Chapter 2, Problem 62P

(a)

To determine

Maximum height that can be reached by stone.

Answer to Problem 62P

Maximum height is $21.1\text{m}$.

Explanation of Solution

Initial speed is $19.6\text{m}/\text{s}$ and the initial height of stone from the ground is $1.50\text{m}$.

Write the Newton’s equation for an object moving vertically upwards.

$v_f^2-v_i^2=-2g\left(y_f-y_i\right)$

Here, the velocity at the highest point of motion is $v_f$, initial velocity of motion is $v_i$, gravitational acceleration is $g$, final position from the ground is $y_f$, and the initial position from the ground is $y_i$.

Conclusion:

Substitute $0\text{m}/\text{s}$ for $v_f$, $19.6\text{m}/\text{s}$ for $v_i$, $9.8\text{m}/{\text{s}}^{\text{2}}$ for $g$, and $1.50\text{m}$ for $y_i$ in the above equation to find $y_f$.

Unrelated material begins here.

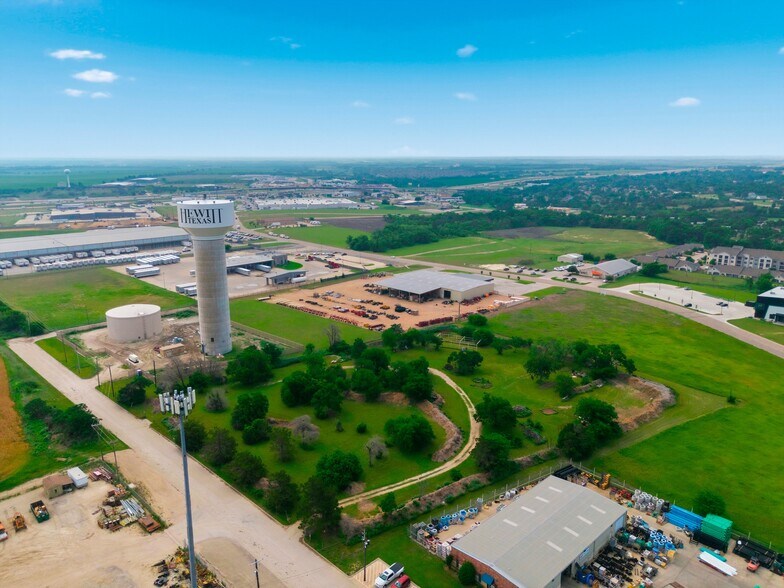 Primary Photo Of 657 Alliance Parkway, Hewitt Land For Sale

$\begin{array}{c}{\left(0\text{m}/\text{s}\right)}^2-{\left(19.6\text{m}/\text{s}\right)}^2=-2\left(9.8\text{m}/{\text{s}}^{\text{2}}\right)\left(y_f-1.50\text{m}\right)\\ 384{\text{m}}^{\text{2}}/{\text{s}}^{\text{2}}=19.6\text{m}/{\text{s}}^{\text{2}}\left(y_f-1.50\text{m}\right)\end{array}$

Rewrite the above relation in terms of $y_f$.

$\begin{array}{c}{y}_f=\frac{384{\text{m}}^{\text{2}}/{\text{s}}^{\text{2}}}{19.6\text{m}/{\text{s}}^{\text{2}}}+1.50\text{m}\\ =21.1\text{m}\end{array}$

(b)

To determine

Total time taken by the stone for its whole journey before reaching the ground.

Answer to Problem 62P

Time taken is $4.08\text{s}$.

Explanation of Solution

Initial speed is $19.6\text{m}/\text{s}$ and the initial height of stone from the ground is $1.50\text{m}$.

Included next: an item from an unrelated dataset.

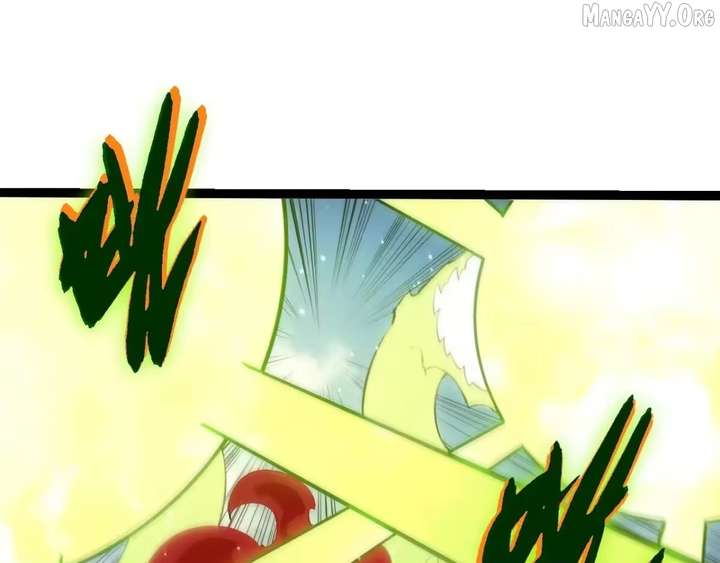 Evolution Begins With a Big Tree Chapter 511 page 46 -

Write the equation for time taken by the stone to reach the maximum height.

$t_{up}=\sqrt{\frac{2\left(y_f-y_i\right)}{g}}$ (I)

Here, the time taken by stone for its upward motion is $t_{up}$.

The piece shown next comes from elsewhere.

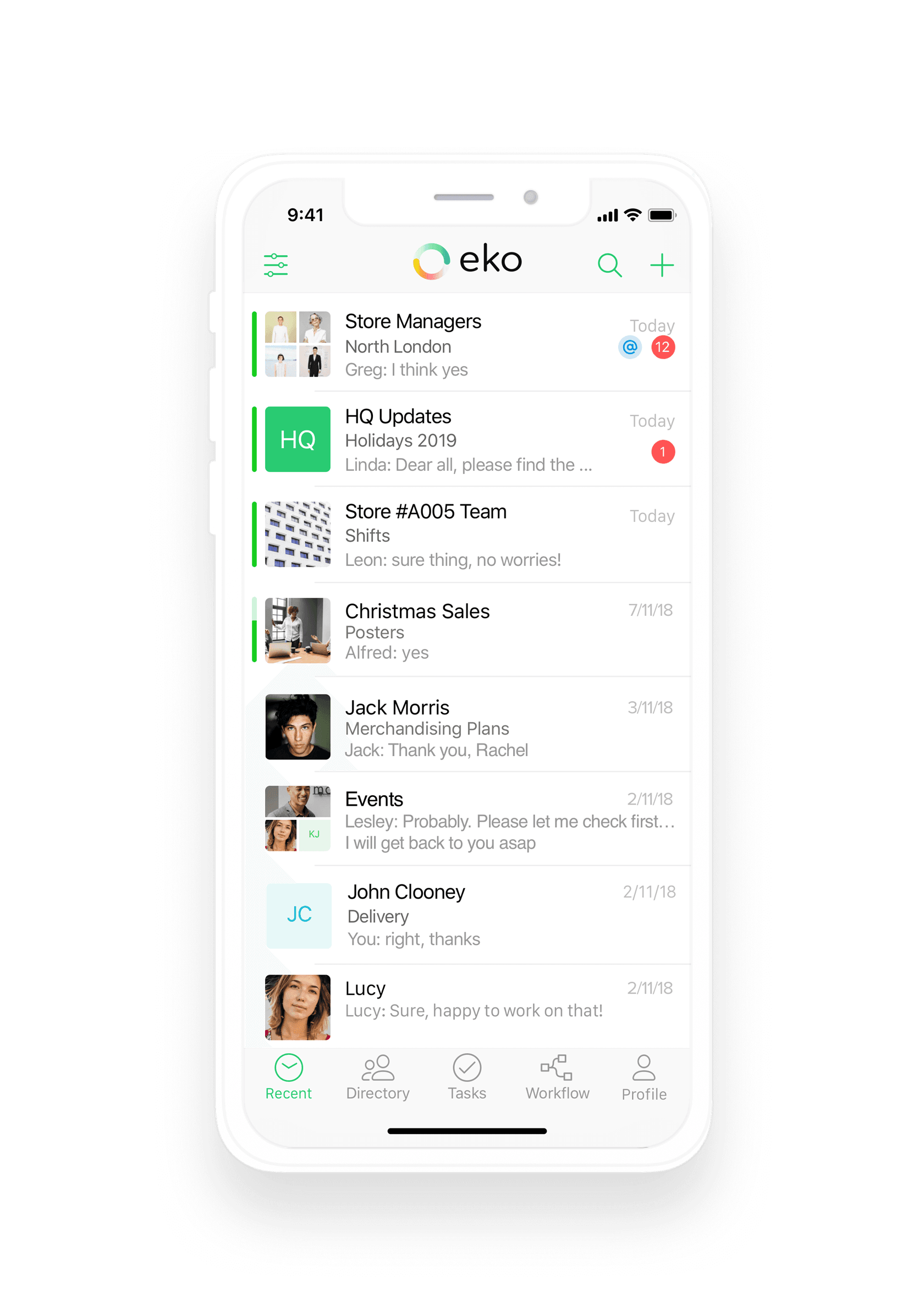 Eko product image 1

Write the equation for time taken by the stone for its downward motion.

$t_{down}=\sqrt{\frac{2y_f}{g}}$ (II)

Here, the time taken by stone for its downward motion is $t_{down}$.

Write the equation for total time taken by stone for its whole travelling before reaching he ground.

$t=t_{up}+t_{down}$ (III)

Here, the total time taken is $t$.

Conclusion:

Substitute $9.8\text{m}/{\text{s}}^{\text{2}}$ for $g$, $21.1\text{m}$ for $y_f$ and $1.50\text{m}$ for $y_i$ in equation (I) to find $t_{up}$.

$\begin{array}{c}{t}_{up}=\sqrt{\frac{2\left(21.1\text{m}-1.50\text{m}\right)}{\left(9.8\text{m}/{\text{s}}^{\text{2}}\right)}}\\ =2.0\text{s}\end{array}$

Substitute $9.8\text{m}/{\text{s}}^{\text{2}}$ for $g$ and $21.1\text{m}$ for $y_f$ a in equation (II) to find $t_{down}$.

$\begin{array}{c}{t}_{down}=\sqrt{\frac{2\left(21.1\text{m}\right)}{9.8\text{m}/{\text{s}}^{\text{2}}}}\\ =2.08\text{s}\end{array}$

Substitute $2.0\text{s}$ for $t_{up}$ and $2.08\text{s}$ for $t_{down}$ in equation (III) to find $t$.

$\begin{array}{c}t=2.0\text{s}+2.08\text{s}\\ =\text{4}\text{.08}\text{s}\end{array}$

Therefore, the time taken is $4.08\text{s}$.